Dédiée aux premiers et deuxièmes films, La Semaine de la Critique choisit, quant à elle, Noé Abita (Ava) pour sa 57e édition, après Julia Ducournau et Garance Marillier (Grave) en 2017. La section dans laquelle ont fait leurs débuts Chris Marker, Jean Eustache, Bernardo Bertolucci ou Ken Loach a, en effet, l’habitude de mettre à l’honneur les protagonistes de ses précédents crus. Portraits, photogrammes ou images prises sur le vif, les affiches au style dépouillé ne s’embarrassent d’aucune fioriture. Seule compte la mise en lumière des nouveaux visages du cinéma. En témoigne l’effacement graduel du logo, au fil des années. On est très loin de l’icône officielle, magnifiée – pas toujours – par une composition léchée. Le regard effronté de Noé Abita revendique la prise de pouvoir d’une nouvelle génération qui n’a rien à envier à la précédente.

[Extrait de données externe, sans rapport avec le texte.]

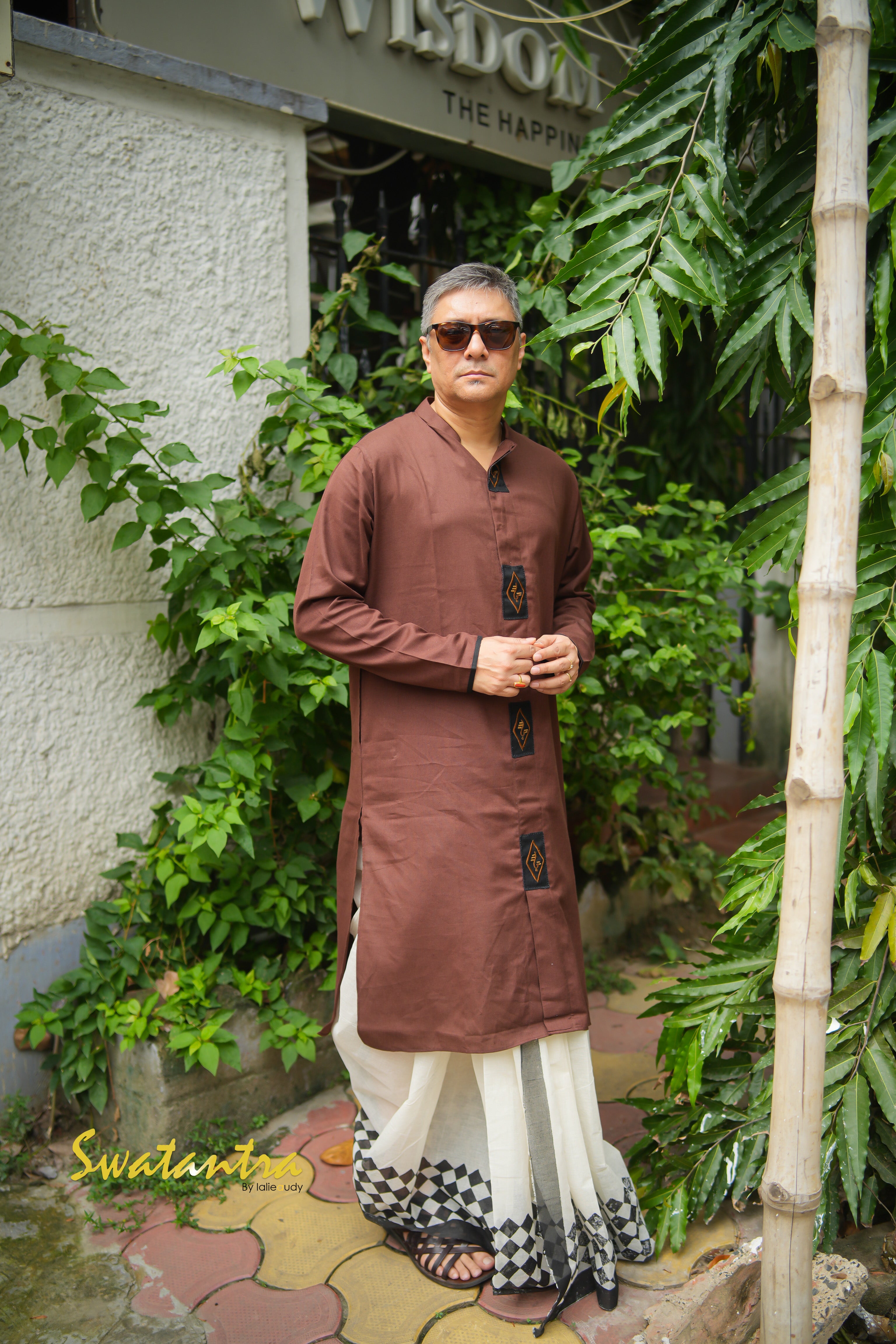 DHOTI BROWN BLACK APPLIQUE AMIT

C’est cette même fraîcheur que défend l’ACID, la plus jeune section consacrée au cinéma indépendant, en jouant, chaque année, la carte du graphisme pop. Une jeune fille, les yeux écarquillés, est retenue par une enceinte minérale. Ou une montagne ? On hésite. Car au delà de l’esthétique branchouille, le sens de l’image reste passablement obscur. Et on s’étonne de voir une femme “prisonnière” d’un étau rocheux quand d’autres font front pour défendre leurs droits. Simple étourderie ? Une jolie affiche, oui, mais un peu à côté de la plaque. A moins que son air ébahi évoque la fascination exercée par la magie des salles noires ? Le mystère reste entier mais les bras lui en tombent.